Re: [RFC] Bridging the gap between the Linux Kernel Memory Consistency Model (LKMM) and C11/C++11 atomics

Jonas Oberhauser <jonas.oberhauser@xxxxxxxxxxxxxxx> · Fri, 7 Jul 2023 12:40:07 +0200

Hi all,

Am 7/3/2023 um 9:20 PM schrieb Olivier Dion:
Hi all,

This is a request for comments on extending the atomic builtins API to
help avoiding redundant memory barriers.  Indeed, there are
discrepancies between the Linux kernel consistency memory model (LKMM)
and the C11/C++11 memory consistency model [0].  For example,
fully-ordered atomic operations like xchg and cmpxchg success in LKMM
have implicit memory barriers before/after the operations [1-2], while
atomic operations using the __ATOMIC_SEQ_CST memory order in C11/C++11
do not have any ordering guarantees of an atomic thread fence
__ATOMIC_SEQ_CST with respect to other non-SEQ_CST operations [3].

The issues run quite a bit deeper than this. The two models have two 
completely different perspectives that are quite much incompatible.
I think all you can really do is bridge the gap at the level of the 
generated assembly.
I.e., don't bridge the gap between LKMM and the C11 MCM. Bridge the gap 
between the assembly code generated by C11 atomics and the one generated 
by LKMM. But I'm not sure that's really the task here.

[...] For example, to make Read-Modify-Write (RMW) operations match
the Linux kernel "full barrier before/after" semantics, the liburcu's
uatomic API has to emit both a SEQ_CST RMW operation and a subsequent
thread fence SEQ_CST, which leads to duplicated barriers in some cases.

Does it have to though? Can't you just do e.g. an release RMW operation 
followed by an after_atomic  fence?
And for loads, a SEQ_CST fence followed by an acquire load?

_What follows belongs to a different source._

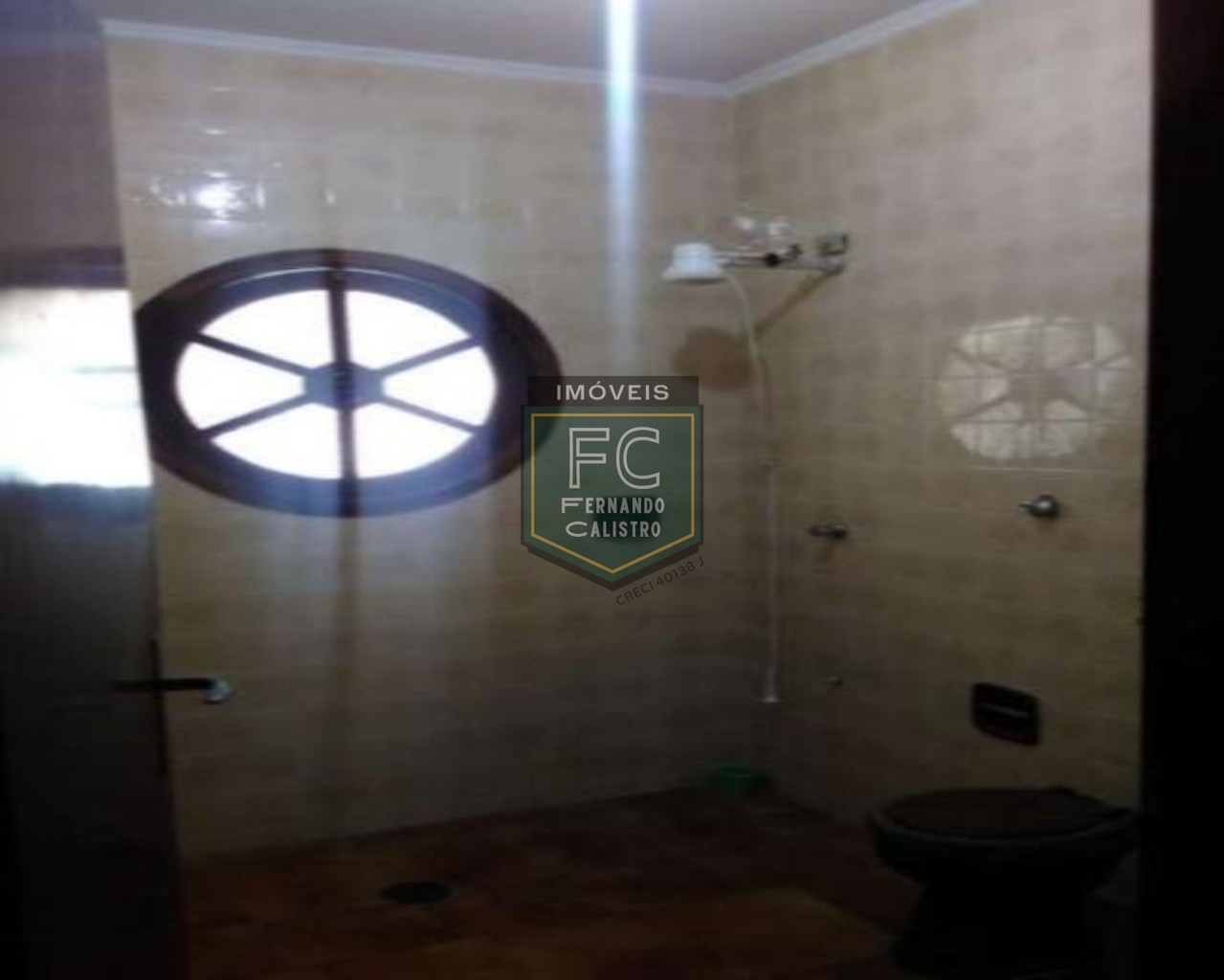 Casa de esquina na praia dos sonhos, itanhaém! 4 dormitórios (2 suítes), piscina c/ cascata, espaço gourmet coberto c/ churrasqueira, 6 vagas cobertas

Analogously 
(but: mirrored) for stores.

   // Always emit thread fence.
   __atomic_thread_fence_{before,after}_load(int load_memorder,
                                             int fence_memorder)

   // NOP for store_memorder == SEQ_CST.
   // Otherwise, emit thread fence.
   __atomic_thread_fence_{before,after}_store(int store_memorder,
                                              int fence_memorder)

    // NOP for clear_memorder == SEQ_CST.
    // Otherwise, emit thread fence.
   __atomic_thread_fence_{before,after}_clear(int clear_memorder,
                                              int fence_memorder)

    // Always NOP.
   __atomic_thread_fence_{before,after}_rmw(int rmw_memorder,
                                            int fence_memorder)

I currently don't feel comfortable adding such extensions to LKMM (or a 
compiler API for that matter).

You mentioned that the goal is to check some code written using LKMM 
primitives with TSAN due to some formal requirements. What exactly do 
these requirements entail? Do you need to check the code exactly as it 
will be executed (modulo the TSAN instrumentation)? Is it an option to 
map to normal builtins with suboptimal performance just for the 
verification purpose, but then run the slightly more optimized original 
code later?

Specifically for TSAN's ordering requirements, you may need to make 
LKMM's RMWs into acq+rel with an extra mb, even if all that extra 
ordering isn't necessary at the assembler level.

Also note that no matter what you do, due to the two different 
perspectives, TSAN's hb relation may introduce false positive data races 
w.r.t. LKMM.  For example, if the happens-before ordering is guaranteed 
through pb starting with coe/fre.

Without thinking too hard, it seems to me no matter what fences and 
barriers you introduce, TSAN will not see this kind of ordering and 
consider the situation a data race.

(And at least in our own verification methodology for rcu/smr, ordering 
through fre appears when the rscs reads something that is later 
overwritten by the writer. Not sure off the top of my head if this fre 
ordering is what prevents the data race though, or there's some 
additional ordering that TSAN may also detect.

As a side note, according to LKMM we would also have data races in our 
critical sections, but I believe use of rcu_dereference would fix that, 
so you may not experience such data races in your code).

best wishes,
jonas